C'est donc cet événement que célèbre le tableau de Vincent, dont on ignore s'il a été commandé pour être offert à Jérôme ou par Jérôme lui-même. Notre petite toile ne présente pratiquement pas de variantes avec le tableau de Kassel. Les deux personnages, qui se tiennent sur le quai comme sur une scène de théâtre, symbolisent cette libération des esclaves. La scène se déroule à leur retour en Italie, pays dont la plupart de ces hommes étaient originaires. En arrière-plan de la toile, nous découvrons la rade de Gênes et une embarcation qui ramène à terre les prisonniers attendus par leurs familles. La composition du tableau, véritable exvoto, conjugue le langage allégorique et les détails les plus réalistes : les marques des fers sur les chevilles de l'homme, le tatouage sur son avant-bras, l'expression de son visage. La fillette tient une couronne de feuilles de chêne, symbole de puissance et de justice, liée d'un ruban qui, dans le grand tableau de Kassel, porte l'inscription La Riconoscenza a Girolamo Bonaparte (Reconnaissance à Jérôme Bonaparte). Symbolise-t-elle cette reconnaissance ou bien est-elle la fille du prisonnier libéré ? Le petit chien qui accourt figure quant à lui la fidélité que les prisonniers doivent à leur libérateur.

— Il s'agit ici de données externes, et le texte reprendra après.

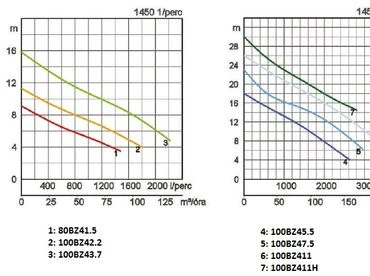Tsurumi 100BZ42.2 japán csúcsminőség nagyméretű idegen anyagokhoz, 80 mm passzázs 4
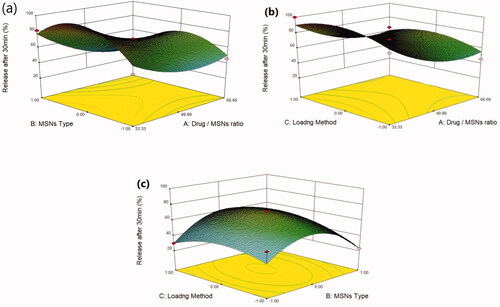 Figure 6. Response 3 D plots for the effect of (a) drug/MSNs ratio and MSNs type on release after 30 min (b) drug/MSNs ratio and loading method on release after 30 min (c) MSNs type and loading method on release after 30 min.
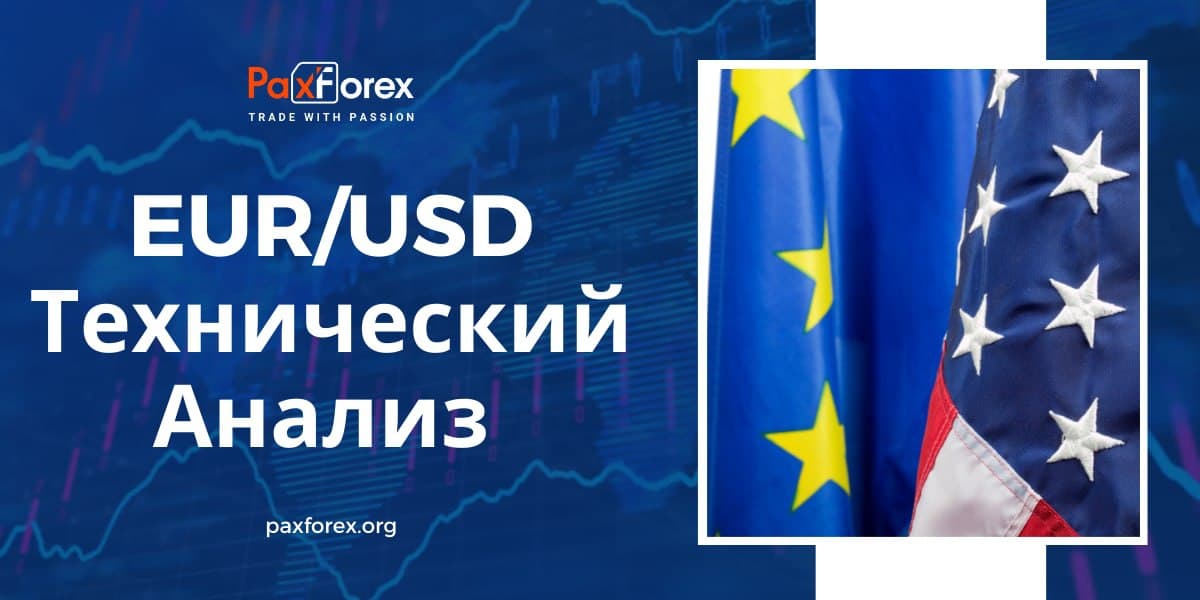 Технический Анализ Валютной Пары EUR/USD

Vincent devait être particulièrement attaché à cette composition pour en avoir gardé cette réduction qu'il a donnée à Marie-Gabrielle Capet, restée auprès de lui après la mort de sa femme, Adélaïde Labille-Guiard.

 

1— P. Chaussard, Le Pausanias français, ou Description du Salon de 1806, 2e éd., Paris, 1808. Voir J.-P. Cuzin, cat. exp. De David à Delacroix. La peinture française de 1774 à 1830, Paris-New-York, 1974-1975, p. 665.

2— Huile sur toile, 159 x 204 cm, signé et daté en bas à gauche Vincent, de l'institut, / de la Légion d'honneur. Paris. 1806, Kassel, Staatliche Museum Kassel, Neue Galerie, inv. Nr. 1875/969, voir P. Rosenberg, cat. exp. Poussin, Watteau, Chardin, David… Peintures françaises dans les collections allemandes, XVIIe-XVIIIe siècle, Paris, Grand Palais, avril-juillet 2005, no 171, pp. 447-448, repr. p. 298.

3— J. Bonaparte, Mémoires et correspondance de Jérôme Bonaparte et de la reine Catherine, Paris, E. Dentu, 1861-1866, 7 vol., t. I, pp. 333-350.